Chapter 4 Hypothesis testing

Key concepts: research hypothesis, statistical null and alternative hypothesis, nil hypothesis, test statistic, p value, conditional probability, alpha, significance level (Type I error rate), Type I error, inflated type I error, type II error, Power, critical value, capitalization on chance, one-sided and two-sided tests and tests to which this distinction does not apply, rejection region, Bayesion statistics, confidence intervals.

Summary

In the preceding chapter, we have learned that a confidence interval contains the population values that are plausible, given the sample that we have drawn. In the current chapter, we apply our knowledge of sampling distributions, probability models and parameter estimation to hypothesis testing.

This chapter explores various methods for testing hypotheses. While we primarily focus on the widely used null hypothesis significance testing (NHST), we also discuss how confidence intervals and Bayesian statistics can aid in making decisions about hypotheses.

We will first extensively cover the framework of null hypothesis significance testing (NHST). Section 4.2 covers key concepts such as the null and alternative hypotheses, significance level (alpha), power of a test, p-values, and effect sizes. The section also discusses one-sided and two-sided tests and the importance of sample size in determining the power of a test.

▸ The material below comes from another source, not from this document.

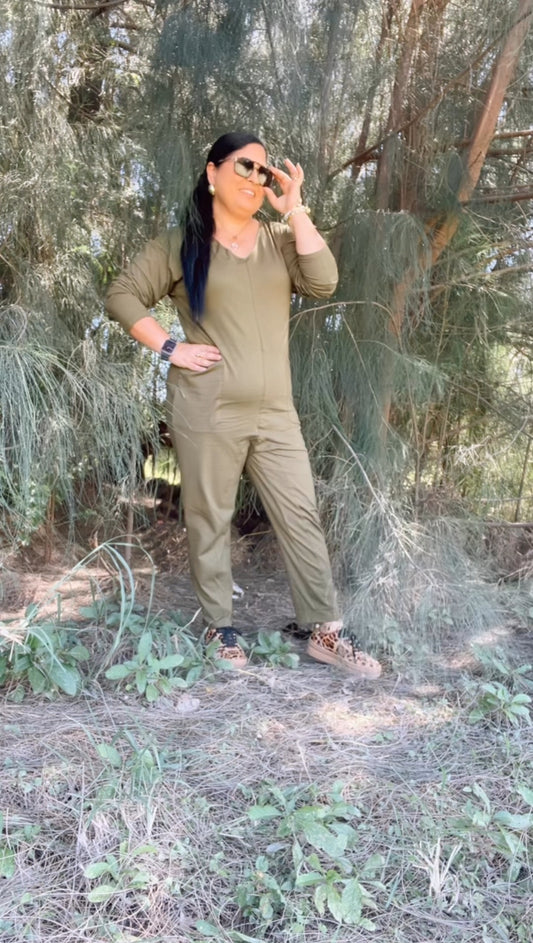 Comfy Baggy Olive Jumpsuit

In section 4.3 we offer guidelines for reporting statistical test results. It emphasizes clarity and transparency in presenting findings to different audiences, including fellow scientists and general readers. The section covers the necessary components of a statistical report, such as test statistics, p-values, effect sizes, and confidence intervals.

Section 4.4 on Statistical Test Selection guides the selection of appropriate statistical tests based on the data and research questions. It provides a framework for choosing tests by considering factors such as the type of data, the number of groups being compared, and the study design. The section includes flowcharts and examples to illustrate the decision-making process.

We continue with a discussion of confidence intervals as an alternative to hypothesis testing in section 4.5. It explains how confidence intervals provide a range of plausible values for population parameters and how they can be used to make inferences about hypotheses. The section also discusses bootstrapped confidence intervals and their application.

We follow up with Bayesian hypothesis testing, contrasting it with frequentist methods. We explain the Bayesian approach of updating prior beliefs with data to obtain posterior probabilities. The section (4.6) covers the concepts of prior, likelihood, and posterior distributions, and how they are used to make decisions about hypotheses.

In the final section (4.7) we critically examine the limitations and criticisms of null hypothesis significance testing. We discuss issues such as the misinterpretation of p-values, the overemphasis on statistical significance over practical significance, and the risks of data dredging and publication bias. The section advocates for a more nuanced understanding and reporting of statistical results.